We import the LinearRegression
model.
from sklearn.linear_model import LinearRegression
Create an instance of the model:
model = LinearRegression(fit_intercept=True)
Fit the model by passing it the $X$ and $Y$ data:
model.fit(synth_data[["X1", "X2"]], synth_data[["Y"]])
Make some predictions and even save them back to the original DataFrame:
synth_data['Y_hat'] = model.predict(synth_data[["X1", "X2"]])
synth_data
Visualize the model as before. Notice I just pass the model.predict
function to our visualization code which will invoke model.predict
on a regular grid of points to make the surface plot:
fig = go.Figure()
fig.add_trace(data_scatter)
fig.add_trace(plot_plane(model.predict, X))
fig.update_layout(margin=dict(l=0, r=0, t=0, b=0),
height=600)
Notice that when we created an instance of the model we set fit_intercept=False
. This is a hyper-parameter of the model. Hyperparameters are parameters that we do not optimize but instead choose as part of the modeling process. In this case the fit_intercept
hyper-parameter adds the additional $\theta_0$ term to our model without adding a 1s column to the data. Internally, it probably adds a 1s column to the data.
What happens if we set the fit_intercept=False
?
model_no_intercept = LinearRegression(fit_intercept=False)
model_no_intercept.fit(synth_data[["X1", "X2"]], synth_data[["Y"]])
fig = go.Figure()
fig.add_trace(data_scatter)
fig.add_trace(plot_plane(model_no_intercept.predict, X))

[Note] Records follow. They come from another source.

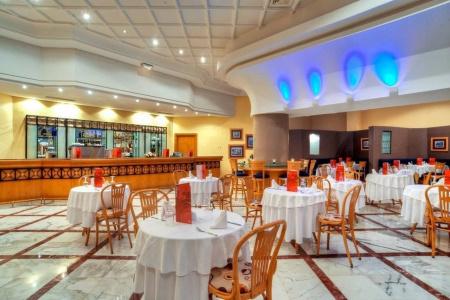 Ramada Plaza Tunis - 24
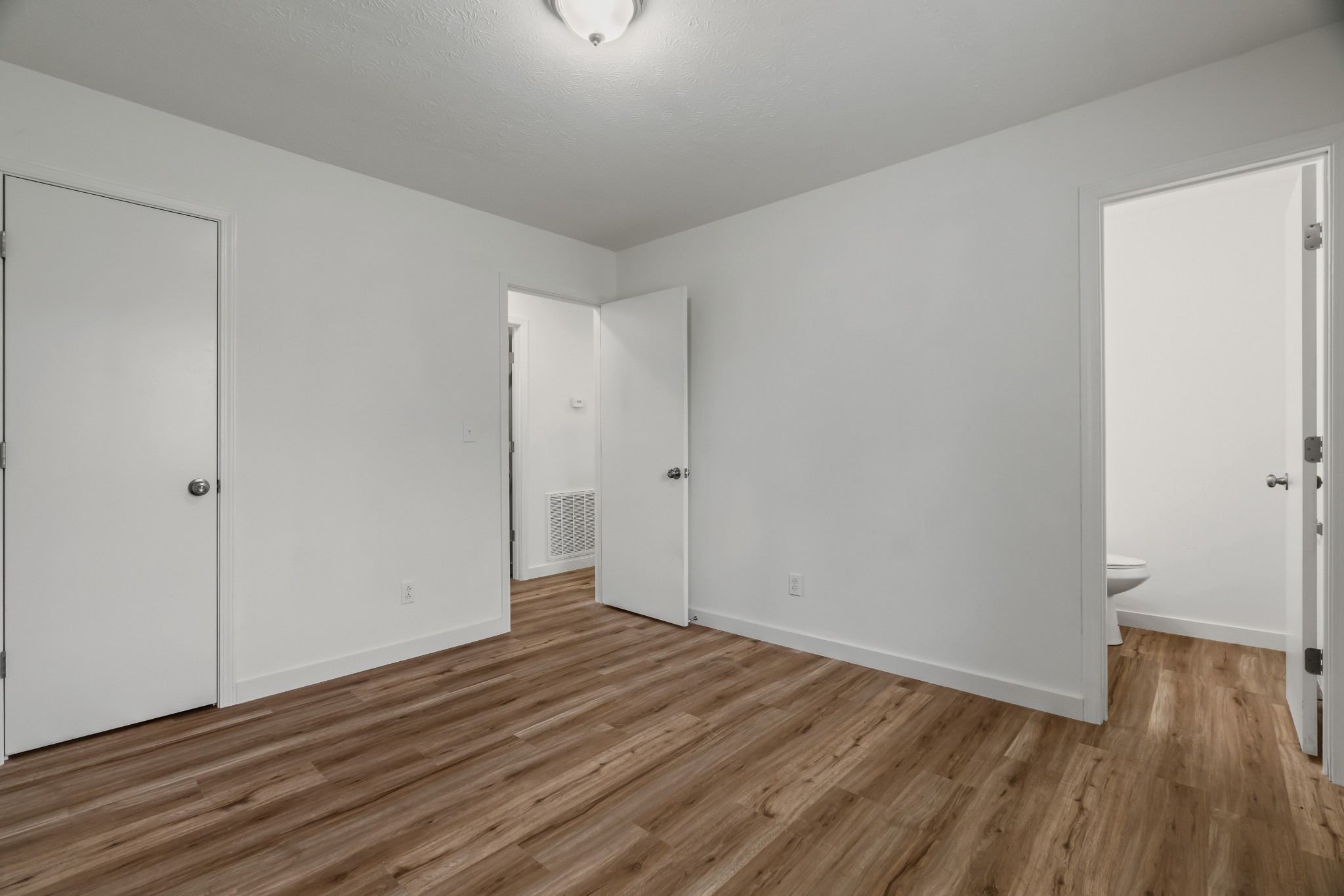 183 Cedar Street Carthage, TN 37030 - Photo 13 of 18 a view of a room with wooden floor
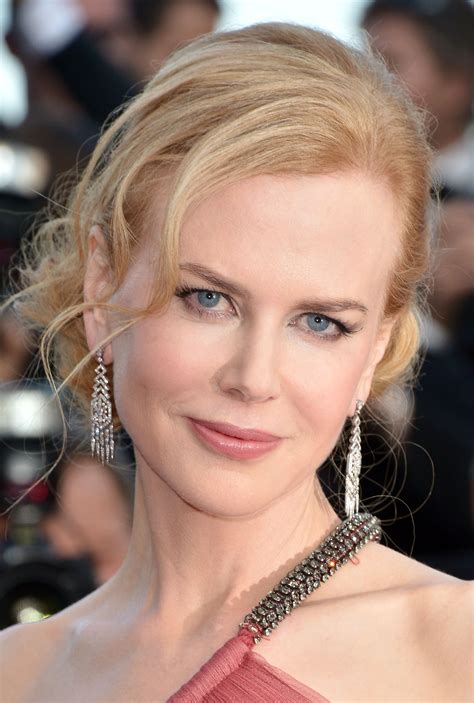 Nicole Kidman At The Paperboy Premiere At Cannes Film Festival Candie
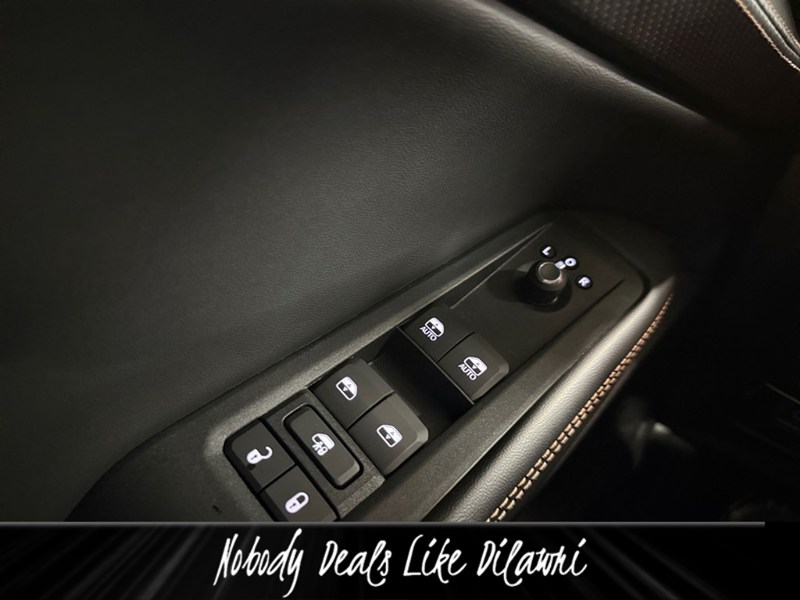 2026 Jeep Cherokee Limited 4x4 Hybrid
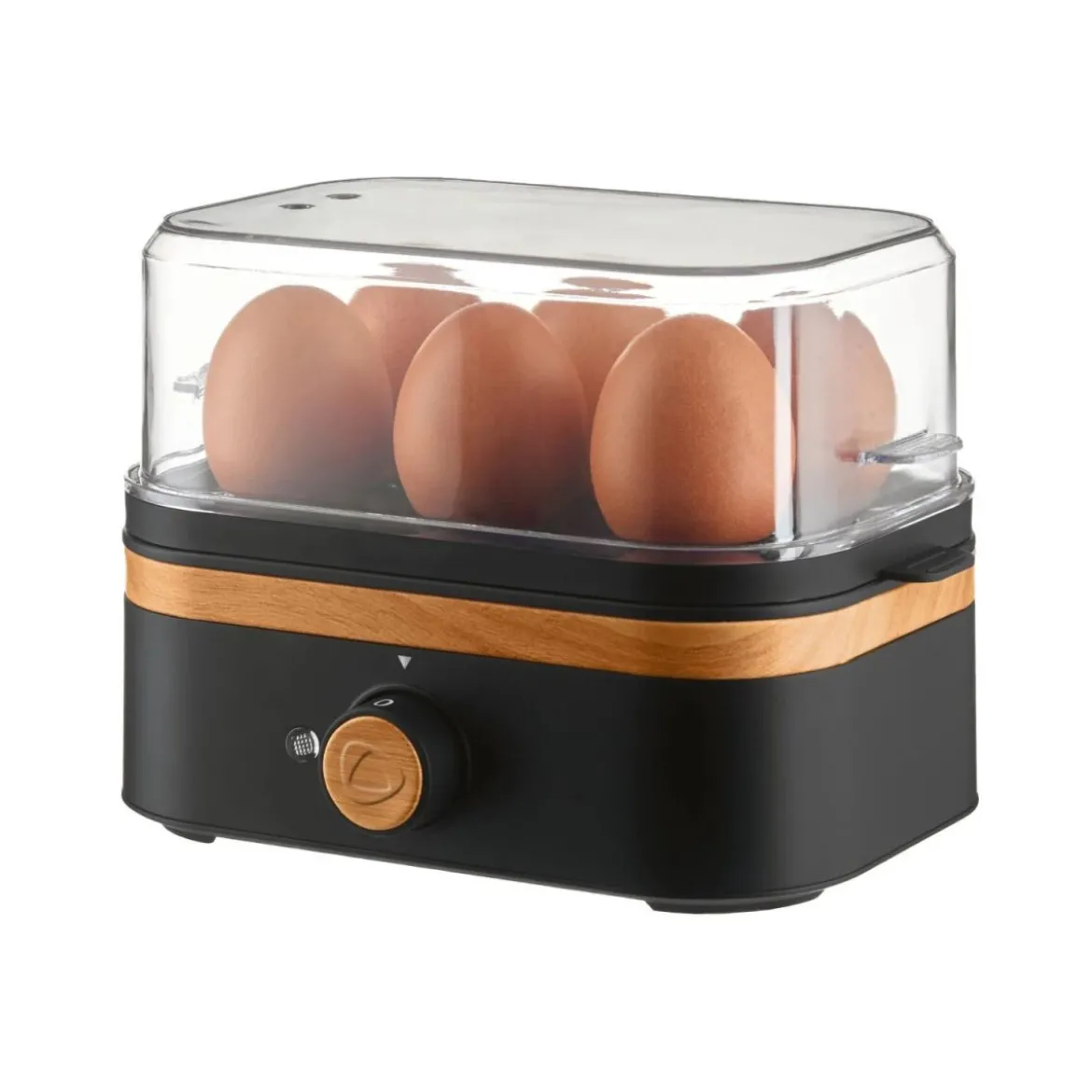 SILVERCREST® Eierkocher »SEKH 400 C1« - B-Ware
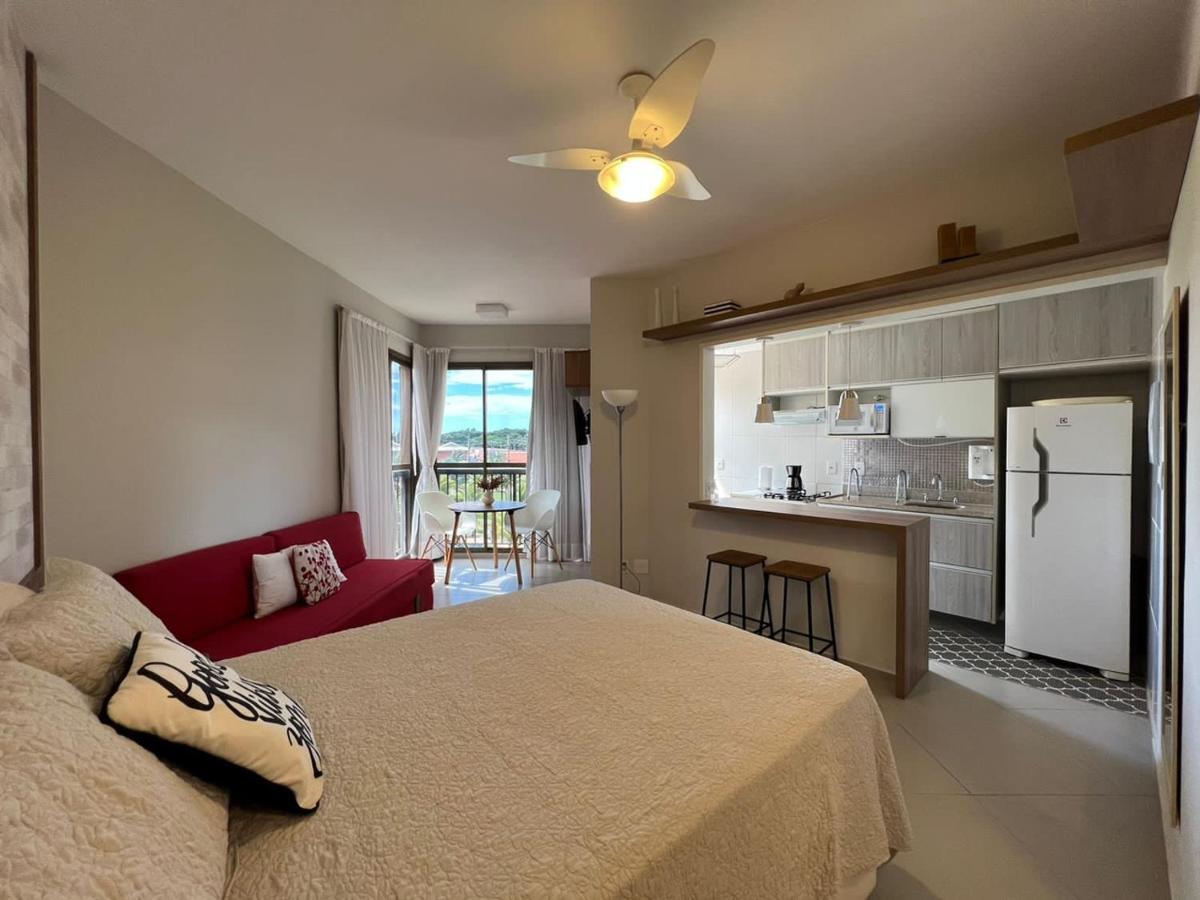 Condado Aldeia Dos Reis 311 Apartman Mangaratiba Kültér fotó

fig.update_layout(margin=dict(l=0, r=0, t=0, b=0),
height=600)
To demonstrate the simplicity and power of sklearn
lets try using a Kernel regression model instead. Don't worry about how this works.
from sklearn.kernel_ridge import KernelRidge
Creating a KernelRidge
model and setting the kernel function type to be RBF which stands for radial basis functions (and nothing else):
super_model = KernelRidge(kernel="rbf")
Fitting the RBF KernelRidge regression model to our data:
super_model.fit(synth_data[["X1", "X2"]], synth_data[["Y"]])
Plotting the model:
fig = go.Figure()
fig.add_trace(data_scatter)
fig.add_trace(plot_plane(super_model.predict, X))
fig.update_layout(margin=dict(l=0, r=0, t=0, b=0),
height=600)
Notice that we basically did exactly the same thing as before but with a different model class.